C1Q MODULATION OF ANTIBODY DEPENDENT ENHANCEMENT OF DENGUE VIRUS INFECTION IN HUMAN MYELOID CELL LINES IS DEPENDENT ON CELL TYPE AND ANTIBODY SPECIFICITY

Intro: Antibodies play a critical role in protection and pathogenesis of dengue virus (DENV). In the presence of preexisting antibodies that bind but do not neutralize viral particles, virus-antibody immune complexes are internalized by Fcγ receptor (FcγR)-expressing cells, generating increased viral titers and the liberation of pathogenic mediators. The complement protein C1q can bind to immune complexes and reduce the magnitude of antibody-dependent enhancement (ADE). We aimed to investigate the mechanisms of C1q modulation of ADE, focusing on processes of viral entry. Methods: We established a model of C1q modulation of ADE of DENV-1 infection in human cell lines using monoclonal antibodies (anti-flavivirus envelope protein 4G2 and anti-DENV pre-membrane protein 2H2), and physiological concentrations of C1q. We analyzed the mechanism of this modulation using cell-based adsorption and internalization assays and blockade of specific routes of endocytosis with pharmacological inhibitors. Findings: The modulation of ADE of DENV-1 by C1q is dependent on the FcγR and the specificity of the antibody comprising the immune complex. C1q produced a 250- to 23-fold reduction of ADE of DENV-1 in cells that express the low affinity type II FcγR (K562 cells), but not in cells that express the high affinity type I FcγR (U937 cells). C1q reduced entry of immune complexes composed of DENV-1 and 4G2 or 2H2 during adsorption (99% and 90% reduction in viral titer; p=0.015 and p=0.02, respectively), but in the case of immune complexes formed by 2H2, C1q also reduced ADE during internalization of immune complexes (82% reduction, p=0.02).

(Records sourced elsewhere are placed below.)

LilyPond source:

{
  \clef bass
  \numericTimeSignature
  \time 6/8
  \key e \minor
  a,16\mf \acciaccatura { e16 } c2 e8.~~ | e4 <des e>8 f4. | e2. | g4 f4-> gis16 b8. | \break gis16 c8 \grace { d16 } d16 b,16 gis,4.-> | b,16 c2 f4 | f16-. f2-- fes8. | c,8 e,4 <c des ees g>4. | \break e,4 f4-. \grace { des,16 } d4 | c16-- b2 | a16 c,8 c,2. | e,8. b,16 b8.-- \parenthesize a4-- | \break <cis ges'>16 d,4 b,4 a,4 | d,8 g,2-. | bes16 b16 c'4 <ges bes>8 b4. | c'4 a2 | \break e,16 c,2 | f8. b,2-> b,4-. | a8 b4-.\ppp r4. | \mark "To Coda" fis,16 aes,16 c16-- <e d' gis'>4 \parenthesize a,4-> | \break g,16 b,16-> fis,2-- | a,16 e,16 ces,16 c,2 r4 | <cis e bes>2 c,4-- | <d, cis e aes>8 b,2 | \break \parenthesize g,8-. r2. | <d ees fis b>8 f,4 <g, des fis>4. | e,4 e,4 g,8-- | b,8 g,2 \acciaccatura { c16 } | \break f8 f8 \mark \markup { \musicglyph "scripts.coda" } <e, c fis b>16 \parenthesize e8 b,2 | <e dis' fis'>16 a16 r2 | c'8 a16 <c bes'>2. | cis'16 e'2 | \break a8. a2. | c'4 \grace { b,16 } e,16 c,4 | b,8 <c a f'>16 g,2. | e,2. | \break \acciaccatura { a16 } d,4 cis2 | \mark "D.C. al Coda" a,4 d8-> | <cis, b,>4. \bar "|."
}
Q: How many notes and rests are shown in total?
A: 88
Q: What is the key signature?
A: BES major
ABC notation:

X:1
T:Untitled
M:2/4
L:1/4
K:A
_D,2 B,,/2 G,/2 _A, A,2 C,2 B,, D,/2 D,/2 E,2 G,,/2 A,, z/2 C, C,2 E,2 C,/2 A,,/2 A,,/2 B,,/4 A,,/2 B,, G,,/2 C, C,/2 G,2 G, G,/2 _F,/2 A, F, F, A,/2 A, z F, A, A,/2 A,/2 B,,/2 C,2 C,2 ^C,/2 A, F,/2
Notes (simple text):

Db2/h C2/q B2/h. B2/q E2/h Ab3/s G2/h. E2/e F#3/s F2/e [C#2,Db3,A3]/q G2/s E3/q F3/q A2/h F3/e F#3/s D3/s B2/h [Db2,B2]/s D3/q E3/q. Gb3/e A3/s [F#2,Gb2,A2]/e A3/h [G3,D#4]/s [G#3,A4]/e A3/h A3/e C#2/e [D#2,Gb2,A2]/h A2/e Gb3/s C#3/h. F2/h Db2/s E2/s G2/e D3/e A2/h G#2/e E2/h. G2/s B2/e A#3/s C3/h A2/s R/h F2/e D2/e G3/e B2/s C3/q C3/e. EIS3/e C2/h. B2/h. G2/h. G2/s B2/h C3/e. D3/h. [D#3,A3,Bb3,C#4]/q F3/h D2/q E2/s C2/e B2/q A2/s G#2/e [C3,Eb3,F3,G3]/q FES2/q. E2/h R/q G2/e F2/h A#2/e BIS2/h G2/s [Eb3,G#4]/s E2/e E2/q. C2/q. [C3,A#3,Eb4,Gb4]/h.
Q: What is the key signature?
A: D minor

The mechanism of C1q modulation of ADE corresponded to the participation of different components of endocytic pathways. Conclusion: The study of virus-host interactions that drive protective immunity, and the immunological mechanisms that regulate the balance between protection and pathogenesis mediated by the humoral immune response in DENV infections, are key for effective antiviral and vaccine design.